In Italia fare il giornalista è dura.
Qualcuno decide di provare con la gavetta in redazione, che durante un’interminabile prima fase è immancabilmente non retribuita. Poi, solo per i più fortunati, potrebbero arrivare dei mini-contratti, mini per durata e retribuzione.

Un’altra strada, per chi se lo può permettere, sono le scuole di giornalismo – Perugia, Milano, Urbino, Torino – che si fanno pagare (profumatamente) per “formarti” alla professione, con un biennio che oltre ai corsi comprende stage all’interno dei più importanti giornali e canali televisivi italiani. È un po’ triste, lo so, ma di fare quello che ho fatto per anni al giornale in cui lavoravo, senza vedere un soldo, rimettendoci anzi parecchio tra benzina, telefonate e biglietti della metro, non ne potevo più. Soprattutto mi sembrava di essere abbandonato a me stesso: era il pezzo, quello che importava; il pezzo da inviare entro le diciotto, e basta. Non se fosse scritto bene o male, l’importante era che arrivasse. Il fatto è che non credo di essere già un giornalista infallibile, eppure quasi mai mi hanno corretto un articolo. Diciamo che non li avranno letti con grande attenzione. Allora ho deciso di provare con la scuola.
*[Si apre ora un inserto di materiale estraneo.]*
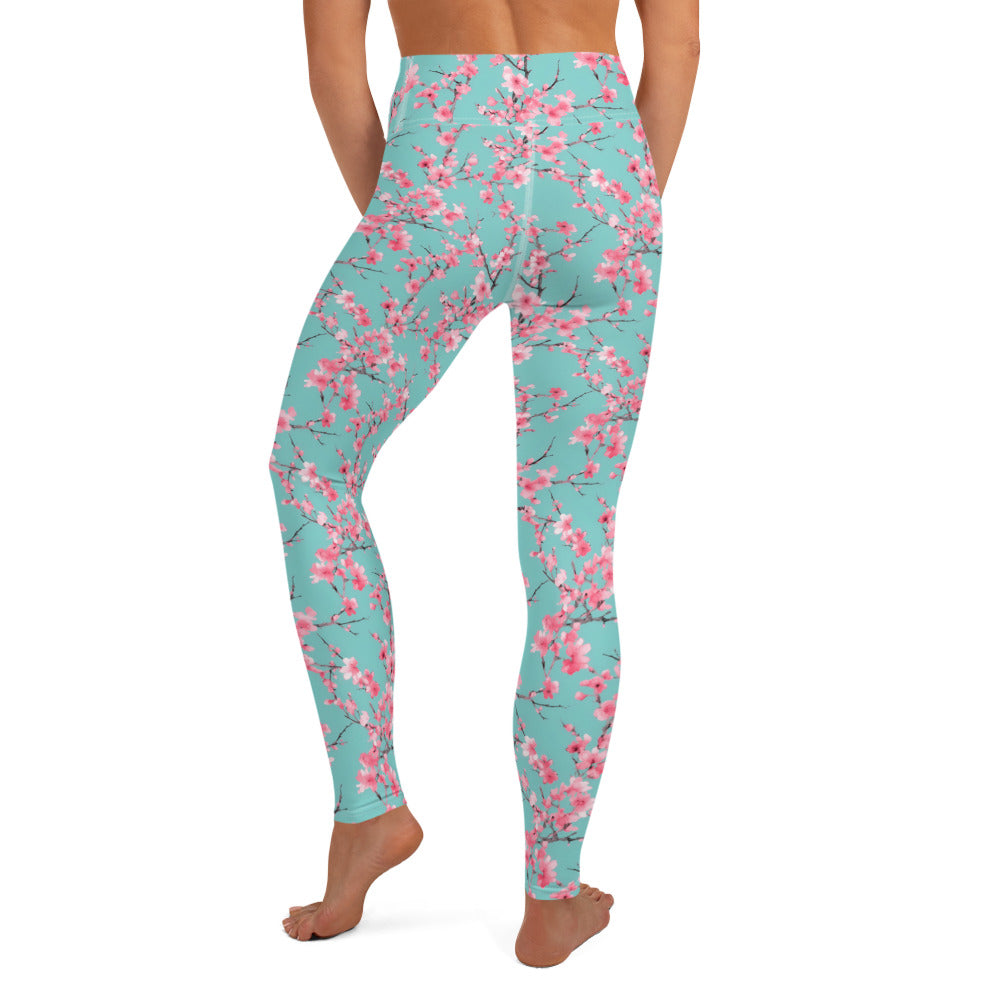 Cherry Blossom Printed Yoga Leggings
Certo, per quelle che sono state da sempre le mie idee non è il massimo andare a “comprarmi” (con i soldi dei miei, peraltro) l’accesso al mestiere. Chi se lo può permettere, in questo modo, ha una possibilità; gli altri si attaccano. Forse è per questo, per non buttare definitivamente dalla finestra la mia coscienza, che almeno ho deciso di scriverci un pezzo.

La selezione per una scuola di giornalismo però non è solo la selezione naturale basata sulle possibilità economiche. C’è anche una selezione sulle “capacità”, perché i posti disponibili sono pochi, una trentina in media. L’esame scritto sembra abbastanza efficace: tre o quattro ore, a seconda della scuola, per scrivere un pezzo di attualità (scegliendo tra una decina di tracce), effettuare la sintesi di un lungo articolo, e rispondere a dieci/venti domande di cultura generale. Una settimana dopo la prova ricevo una mail, nella quale mi viene comunicato il “passaggio del turno”: sono trentatreesimo sui settanta ammessi alle prove orali, una metà circa dei partecipanti allo scritto. Mi metto così in viaggio, in treno, dormo in un b&b cercando di economizzare, e la mattina sono pronto all’interrogatorio.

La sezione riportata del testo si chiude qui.